In cyclopropane $\ce{C3H6}$ - which you can also describe as trimethylene $\ce{(CH2)3}$ - bonds have to be bent to overlap at all. A possible way of describing the bonding situation is regarding each $\ce{CH2}$ entity as $\mathrm{sp^2}$ hybridised. Two of these orbitals are used for $\ce{C-H}$ bonds (not shown) and one forms an inner two-electron-three-centre σ bond (left). This leaves p-orbitals to form some kind of degenerate π-like orbitals (middle, right).

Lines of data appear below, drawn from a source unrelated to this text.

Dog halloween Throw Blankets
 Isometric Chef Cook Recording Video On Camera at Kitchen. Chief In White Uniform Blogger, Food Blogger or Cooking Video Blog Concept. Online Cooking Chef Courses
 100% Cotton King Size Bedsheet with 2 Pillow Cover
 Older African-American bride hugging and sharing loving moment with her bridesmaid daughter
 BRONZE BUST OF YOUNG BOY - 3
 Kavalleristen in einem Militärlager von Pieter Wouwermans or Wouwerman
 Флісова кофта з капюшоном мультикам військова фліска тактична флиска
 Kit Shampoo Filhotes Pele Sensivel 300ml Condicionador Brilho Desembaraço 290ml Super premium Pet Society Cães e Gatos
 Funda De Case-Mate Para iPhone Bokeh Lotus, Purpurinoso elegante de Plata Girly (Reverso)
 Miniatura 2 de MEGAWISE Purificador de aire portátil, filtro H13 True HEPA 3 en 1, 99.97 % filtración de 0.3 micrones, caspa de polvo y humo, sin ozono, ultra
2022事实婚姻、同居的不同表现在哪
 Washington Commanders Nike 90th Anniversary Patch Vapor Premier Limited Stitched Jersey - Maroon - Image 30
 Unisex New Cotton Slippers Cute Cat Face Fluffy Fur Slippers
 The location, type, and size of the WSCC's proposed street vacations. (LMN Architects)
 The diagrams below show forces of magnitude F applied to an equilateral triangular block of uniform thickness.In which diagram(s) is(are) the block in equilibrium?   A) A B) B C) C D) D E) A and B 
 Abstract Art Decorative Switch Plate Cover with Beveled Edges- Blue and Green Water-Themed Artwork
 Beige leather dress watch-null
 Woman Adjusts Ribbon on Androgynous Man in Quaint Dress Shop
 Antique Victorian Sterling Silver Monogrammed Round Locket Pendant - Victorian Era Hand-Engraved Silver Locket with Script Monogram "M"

This very general approach can be derived from a Walsh diagram. Schwarz et.al. {@academia.edu} and Hoffmann {@roaldhoffmann.com} described bonding quite similar and it is in quite good agreement with a calculation (BP86/cc-PVTZ, $D_\mathrm{3h}$) I have done. From this I have prepared a chart of all occupied molecular orbitals formed from valence orbitals and the LUMO. Here is a preview. Each orbital is viewed from three different angles:
Especially the symmetrical orbital 8 resembles very well the schematics. A quite rigorous approach for this theory can also be found here.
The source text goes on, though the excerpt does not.